Legislators call for decisive action on climate change

Senior legislators from the G8+5 countries were meeting in Rome on Friday ahead of the G8 summit to call on leading nations to take decisive action on climate change.

The forum, organised by Global Legislators Organisation for a Balanced Environment (Globe), consists of members of Parliaments, international experts and business leaders who have gathered ahead of the G8 summit to negotiate policy changes on environmental issues, including climate change, ecosystems, energy security and land use.

They are expected to call on the G8 to immediately announce their emission cuts and agree on a $2-billion contribution from the US to help developing countries adapt to climate change.

Legislators from China, Brazil, Mexico, South Africa and India would play a key role in ensuring that developing countries concerns were addressed.

Two South African legislators — Independent Democrats member of Parliament Lance Greyling and chairperson of the Portfolio Committee on Minerals and Energy Eugene Nhlanhla Ngcobo — were scheduled to attend the forum. However, Ngcobo arrived late, while Greyling did not attend at all.

Greyling told the Mail & Guardian Online on Friday that ”the problem was that the Italian Parliament insisted that the invitation to the conference be sent to the Speaker of [the South African] Parliament, who would then decide which delegates would attend.

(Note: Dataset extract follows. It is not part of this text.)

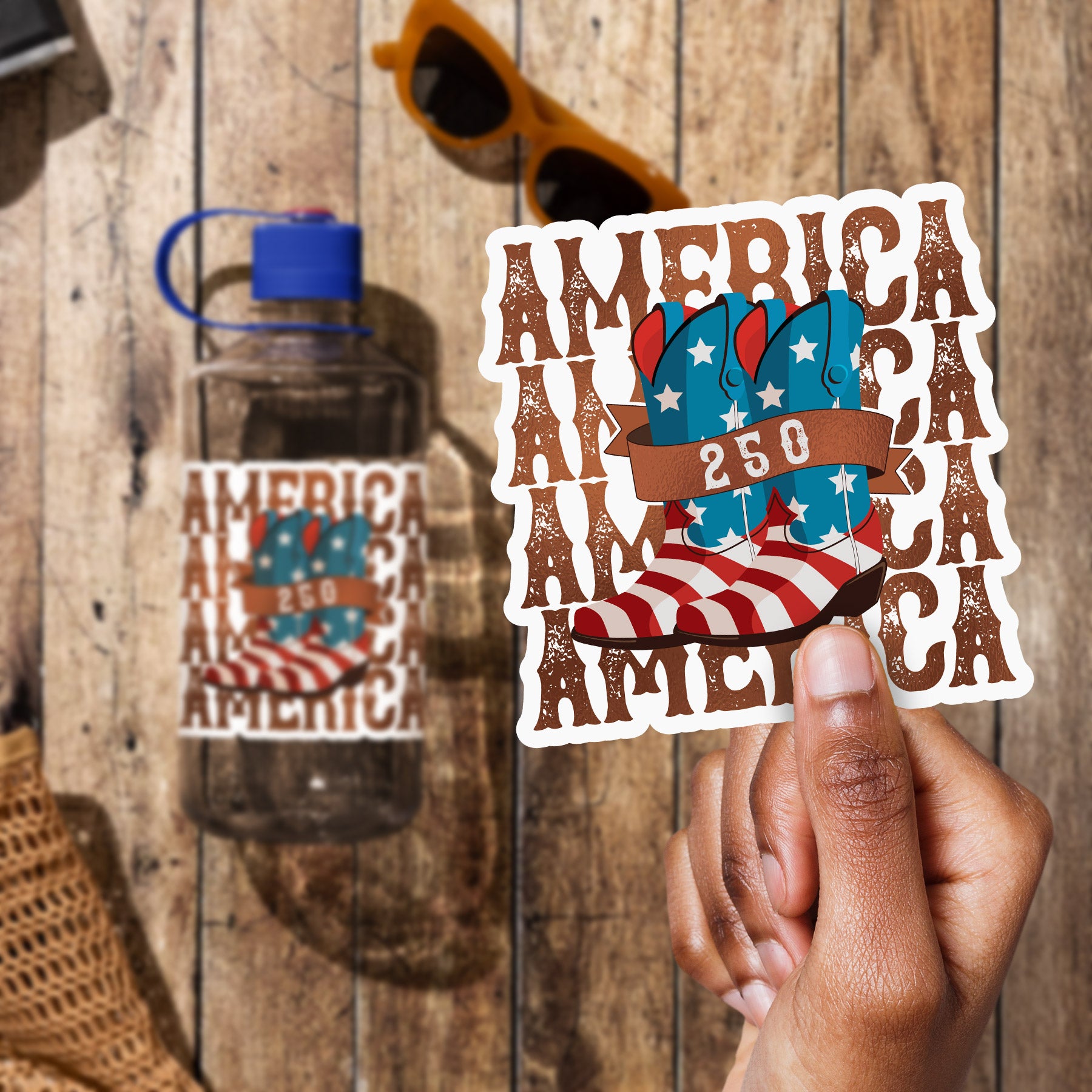 a person holding a sticker that says america made in america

”I was waiting for the Speaker to give me the go-ahead to attend and, if I had been told that I had to go, I would have gone. There is another conference in Copenhagen [later in the year] and I am hoping to attend that because I have been a participant in the past.”

Globe president and British MP Stephen Byers said the forum’s objective was to finalise positive recommendations to present to the G8 summit in July, and consider a successor to the Kyoto protocol.

”We legislators will be laying down a challenge to the G8 to stand and deliver on climate change. Since these are not formal negotiations, we have the freedom to push the envelope further and give our governments more space to tackle environmental issues,” Byers said.

He highlighted the important role of developing countries in climate change negotiations, and stressed the need to make inroads into tackling climate change now, instead of waiting for the United Nations Copenhagen conference in December.

”Negotiators from the developing world are privately telling me that unless there are big commitments now from the developed countries, we are not going to get a deal at Copenhagen — if we treat this like a trade negotiation and wait until Copenhagen to makes these commitments, it will be too late to create the political conditions under which developing world leaders can agree on an ambitious deal,” said Byers.